À partir de ce moment-là, j'ai commencé à faire des excuses, à toujours m’occuper avec des activités scolaires, et pendant plus de trois mois j'ai passé mes dimanches surtout à l'école et parfois à la maison. Quand j'ai finalement manqué d'excuses mon frère et moi n'avions pas d'autre choix que d'aller avec ma mère dans son église. Je me souviens de notre première visite à l'église de ma mère. Les anciens de son église sont venus nous interroger et nous ont demandé: «Si vous avez la permission d’y retourner, y retourneriez-vous?» J'ai répondu: «Oui!» Sans hésitation. Ils ont commencé à nous enseigner leurs doctrines, mais nous n'étions pas prêts à perdre ce qui nous avait été enseigné.

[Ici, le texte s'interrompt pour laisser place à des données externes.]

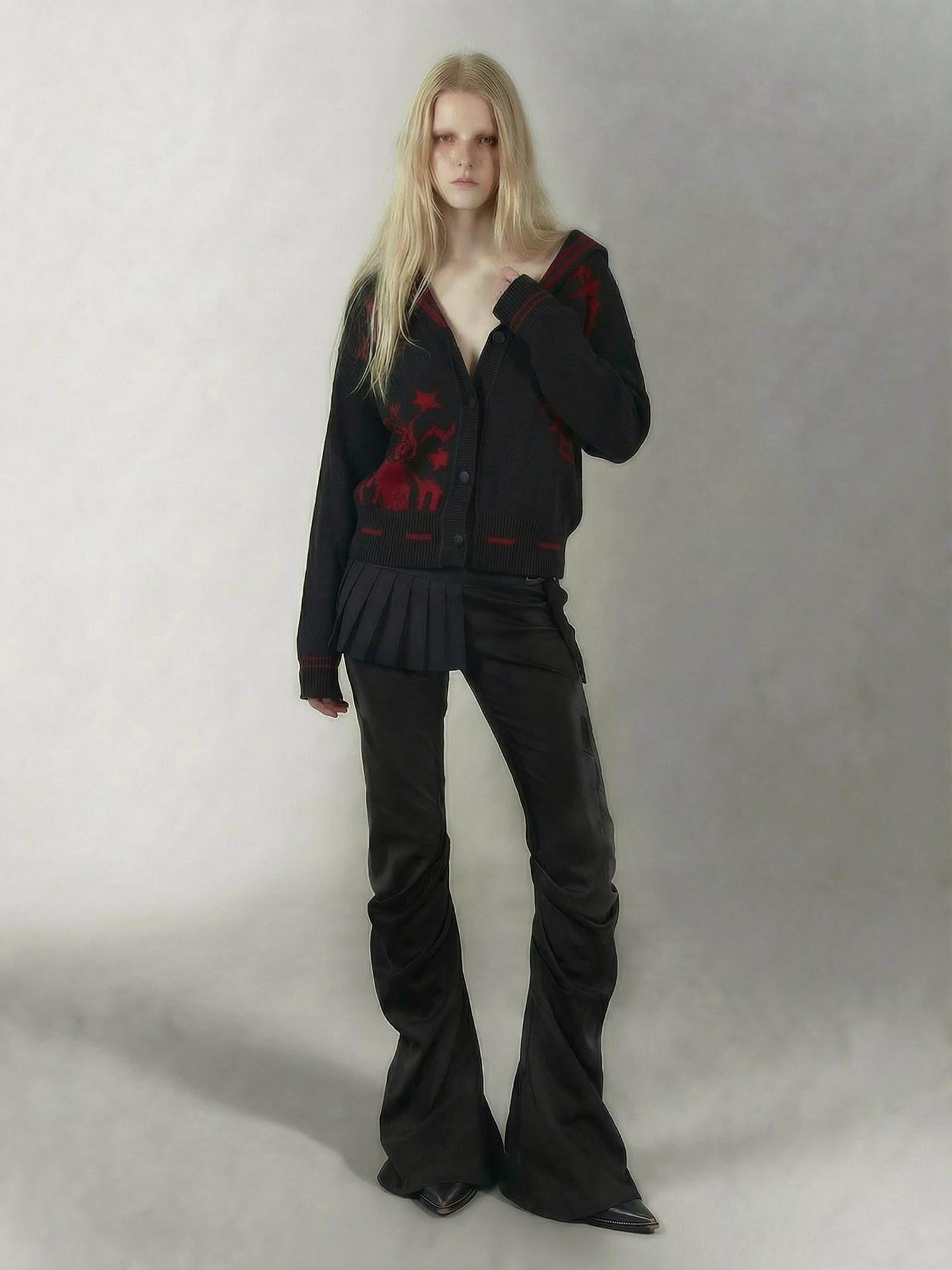 Emoha Red Black Punk Sailor Animal Character Knit Women&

Nous savions, en nous-mêmes, qu'un jour nous retournerions. Cependant, plus nous avons essayé, plus nos chances de retour avaient diminué. Mais l'Église des SDJ n'a jamais abandonné. Les dirigeants ont continué à parler avec ma mère et la famille, et les missionnaires ont aussi continué de nous enseigner. A chaque visite, ils nous ont encouragés à prier et que mon père aurait un changement de cœur.

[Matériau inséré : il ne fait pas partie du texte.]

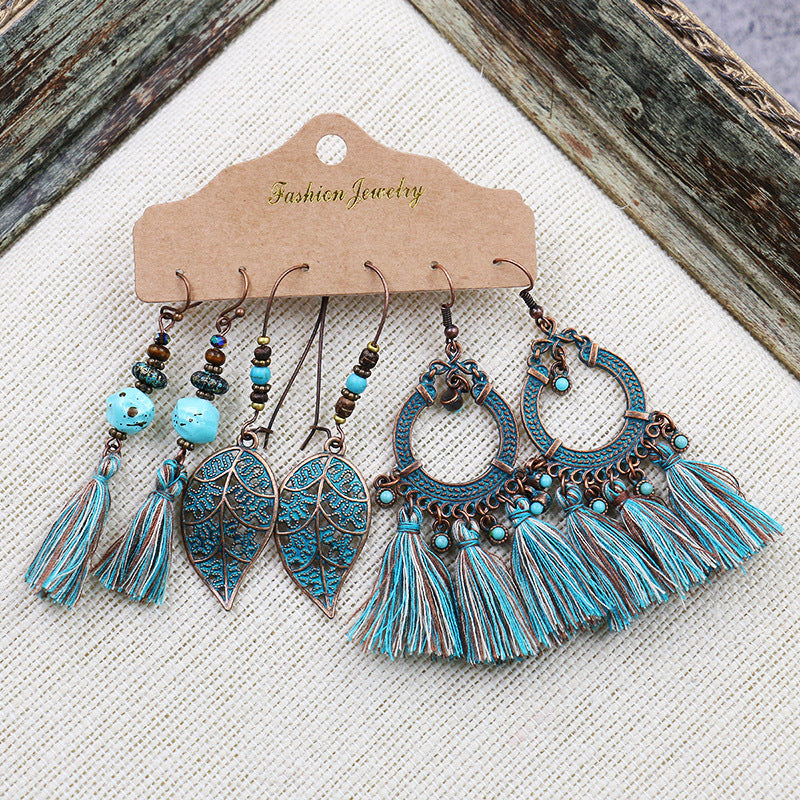 Wholesale Ethnic Bohemian Tassel Earrings Set ACC-ES-HanH016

Un dimanche, j'ai été informé d'une activité de l'Église qui se tiendrait le lendemain. J'étais désireux d'assister au programme, donc j'ai demandé la permission à ma mère et elle m'a dit de demander à mon père d'abord. Ce soir-là, quand il appela, je le lui en parlai, mais il devint tellement furieux qu'il interrompit brusquement l'appel. Il ne nous  appela pas pendant plusieurs jours, et quand finalement il le fit , il n'était pas prêt à me parler. Pendant ces moments de troubles, nous avons prié et étudié nos Écritures, comme les dirigeants de l'Église nous l’avaient enseigné. Je me souviens que c'était le 15 février 2016, exactement une semaine après le programme: notre père  appela et nous dit que nous étions libres de retourner à l'Église mormone si c'est ce que nous voulions vraiment. Nous avons pensé qu'il était toujours en colère, donc nous lui avons demandé si c’était le cas. Il a dit non. Il a également ajouté que si quelqu'un nous demandait pourquoi nous sommes retournés à l'église, nous devrions simplement leur dire qu'il nous avait permis de d’y retourner . Nous étions devenus tellement excités que nous étions impatients pas de retourner au séminaire et à l'église! Ce sentiment joyeux ne nous a jamais quitté.

Le jour où nous sommes retournés à l'église, les mots qui ont continué à se répéter dans mon esprit étaient: «C'est bien d'être à la maison!» Nous avons ressenti une grande joie et la paix dans notre cœur, dans l'âme et dans l'esprit. Je remercie mon Père céleste pour ses bontés et pour avoir permis à ce miracle de se produire dans nos vies. Nous sommes également éternellement reconnaissants à notre père et à notre mère terrestres de nous avoir gracieusement permis de revenir au bercail afin d'être nourris des bonnes paroles du Christ. Je suis heureuse que les membres et les missionnaires ne nous aient pas abandonnés, mais qu'ils nous aient encouragé, prié, visité pendant notre brève absence de l'Église.